There is no magic surgery that anyone can have and just forget about it and live life and get thin and sexy.

~Lady Lithia~ 200 lbs lost! 
March 9, 2011 - Coccygectomy!
I chased my dreams, and my dreams, they caught me!
giraffesmiley.gif picture by hardyharhar_bucket

Lori P.
on 4/11/11 11:04 pm - Kenosha, WI
I am almost a year out....

I dont feel full or hungry....

I weigh and measure everything.  If I feel anything, it means I ate too much and it feels awful.  Once in awhile I realize that I don't feel good....and it means that I have not eaten in awhile.

For me.....
Food is not longer important....my old favorites, I cannot tolerate.....I am totally apathetic towards food....it no longer matters what I eat becuase it no longer holds the allure it once did.  

 



     SW 212 / Goal 130 / Current 130


 

 

(deactivated member)
on 4/11/11 11:41 pm - TX
I am exactly six weeks out today; and I have had many of the same thoughts you are expressing right now. I didn't feel full for the first three or four weeks but I definitely do now. Its a slow process of realization. I had other signs of fullness post surgery but I just wasn't recognizing them - a twinge in my breastbone, a hiccup, watering of the mouth. And if you AREN'T full; you will definitely know when you have overeaten and you throw up what doesn't fit.

I haven't dumped but I have gotten an awful, nauseous feeling when I've eaten too much carbs or fat (two instances) plus some heart racing and just a general "I have to lay down right NOW" feeling.

My reason for the surgery, overall, was this: I have been fat for twenty years. Not huge fat, but ranging from 30 lbs overweight to 110 lbs overweight at the highest. I have lost 40-50 lbs three times and gained it all back. I felt like this was probably an EXTREME way to do it - in fact, the first time I heard of gastric bypass, I was horrified. But I cannot and have not done it on my own in the conventional ways.

You are not going to be able to eat like you did before, period. You may not feel full initially but you are not going to be physically hungry. After a period of one year to eighteen months, you may be able to work your way back up to something similar but it would be an effort. I needed/NEED that year. To get the weight off. To force myself to change my habits - food is my drug. To break the addiction.
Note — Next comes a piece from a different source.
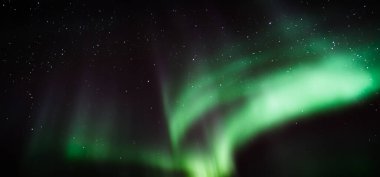 Aurora australis veya Aurora borealis veya yeşil kuzey ışıkları dağların üzerinde gökyüzü. Kutup ışıklarıyla gece gökyüzü. Güney ışıkları ve gerçek doğal kara arka plana karşı gece manzarası..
Six weeks into it I am very happy. I've lost 36 pounds in six weeks. I am continuing to lose. I am rarely hungry - very rarely. I am feeling good and getting back into exercising. I wore a size 20 pair of pants to the hospital on the day of my surgery, and today I am wearing a size 16 pair of dress slacks and a sleeveless shell sweater in an XL. Amazing. And more to come.

I was worried about so many things pre-surgery. One of them was water - I was a GOOD water drinker before surgery - and I was worried I'd never be able to take normal swallows of water or get 80 ounces in a day down. A few days after surgery I was drinking normally. Certainly not "chugging" a bottle of water but easily getting it down. Same with other liquids and the allowed foods.

Its certainly a personal decision but I have no regrets even at this early stage. I worried about the complications, the long term implications, etc., but I have decided to take one day at a time and see where the path takes me.